= Arild Feldborg =

Norwegian playwright, revue writer, script writer, humorist and broadcasting person

Arild Feldborg (18 April 1912 - 26 October 1987) was a Norwegian playwright, revue writer, script writer, humorist and broadcasting person.

==Personal life==
Feldborg was born in Vienna, Austria-Hungary, as the son of wholesaler Henry Theobald Feldborg and Petra Normandine Schnitler Blehr, and grew up in Norway. He was married to headmaster and secretary Aase Refsdal from 1948. He died in Bærum in 1987.

==Career==
Feldborg graduated as cand.oecon. in 1934. He wrote for revue theatres from the late 1920s, and his breakthrough came in 1934 with the song "Å" (co-written with Bias Bernhoft), in the Chat Noir revue Det hendte i går. Among his songs from the 1930s are "Norge, våkn opp!" from 1934 (Norway, Wake Up!, performed by Lalla Carlsen) and "Penere og penere" (Nicer and nicer, performed by Einar Rose in 1936, on Mussolini's attack on Ethiopia). His song "Bursda'n min" (My Birthday, performed by Einar Rose acting as a short man with moustache), was stopped by the police after strong protests from the German Minister in Norway. During the occupation of Norway by Nazi Germany from 1940 to 1945 he took part in the resistance in various ways. While in exile in Sweden he wrote songs for the Norwegian police troops in Sweden. His song Norge i rødt, hvitt og blått", co-written with Finn Bø, was met with wild enthusiasm when it was introduced by Lalla Carlsen in May 1945.

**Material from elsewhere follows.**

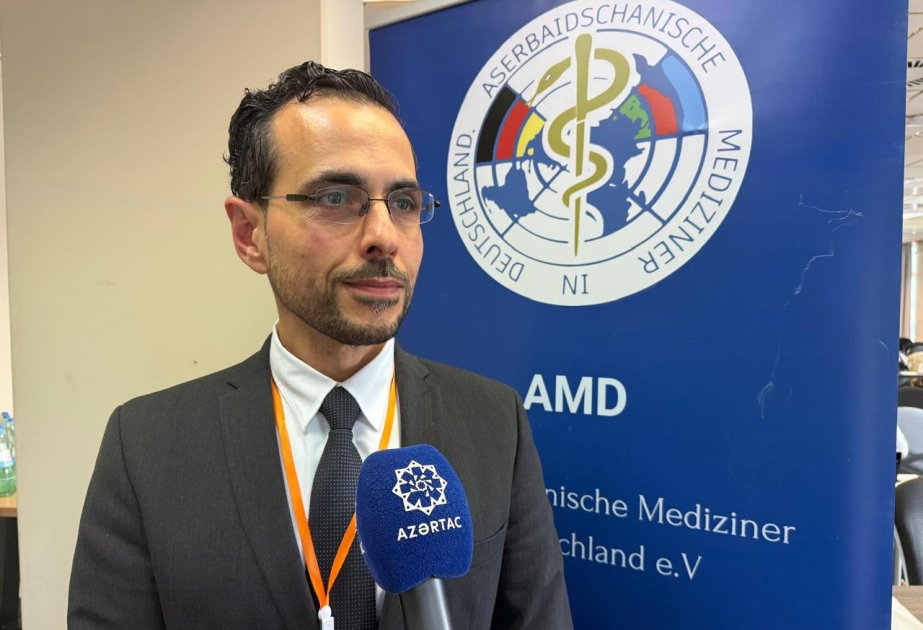 Jabbarli: Number of Azerbaijani doctors working in Germany rising fast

He also collaborated with other songwriters such as Arild Haga, Otto Nielsen and Alfred Næss. Among his post-war songs are "Vigelandvise" (performed by Einar Rose), "Måten da ser De" (for Kari Diesen), and "Swingdilla" (for Leif Juster). Rolf Just Nilsen had his artistical breakthrough in 1958 with Feldborg's song "Operasangeren".

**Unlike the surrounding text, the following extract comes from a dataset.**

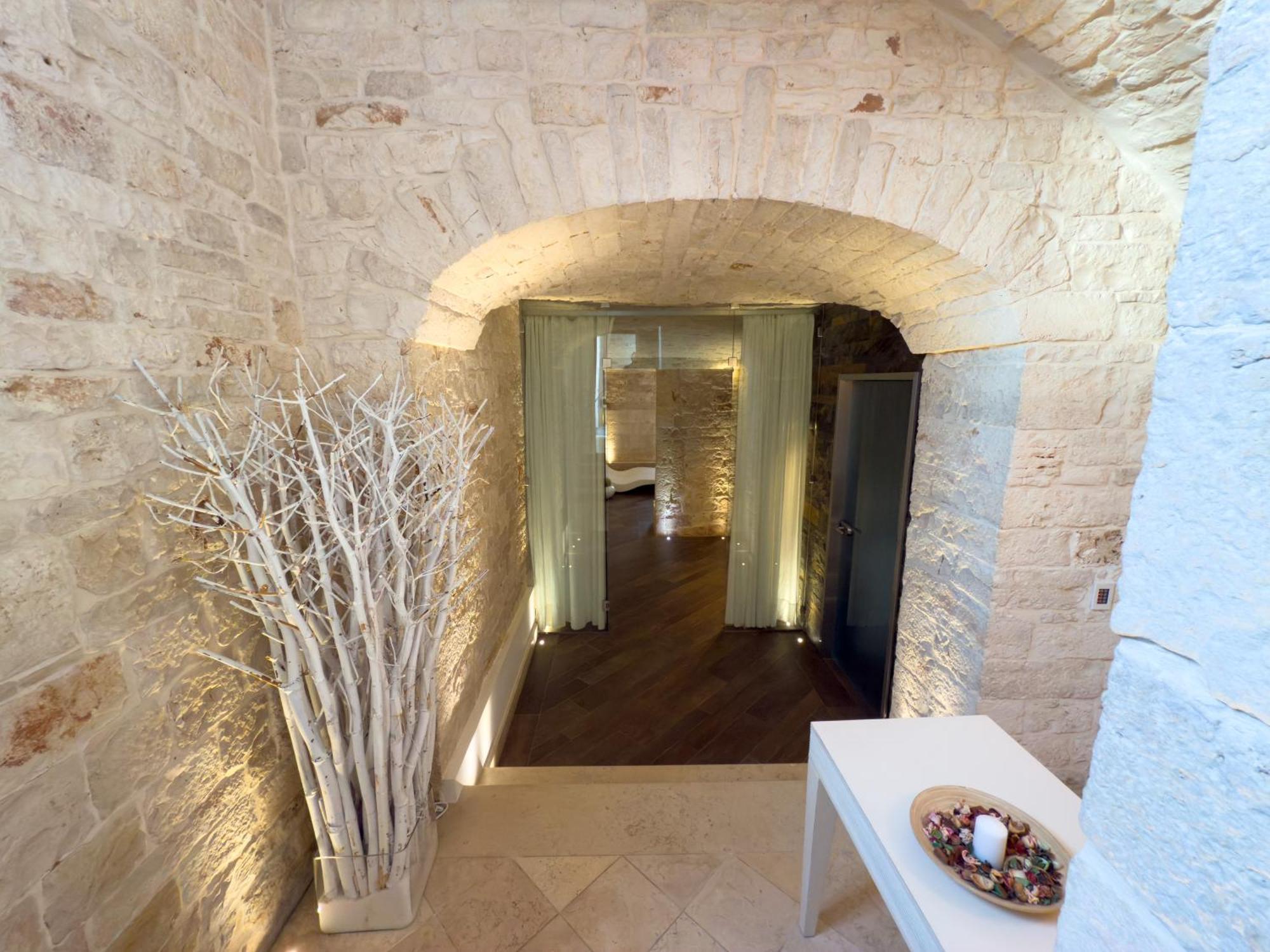 Отель Relais Il Santissimo Тури Экстерьер фото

He worked for the Norwegian Broadcasting Corporation from 1947, first within the radio's entertainment department, and later at Radioteatret. He also wrote for television. Among his works are a book on bridge, Bridge med Arild Feldborg from 1965, the crime novel Malkesaken (co-written with Michael Grundt Spang) and a book on solving crosswords, Damms kryssordløser from 1982. He edited the anthology Humor i Norge (Humor in Norway) from 1974. His comedy Mannfolk was performed at Oslo Nye Teater in 1980. He wrote the television opera Sjakk from 1980, and the musical Balder from 1984. He was awarded the Leonard Statuette in 1980.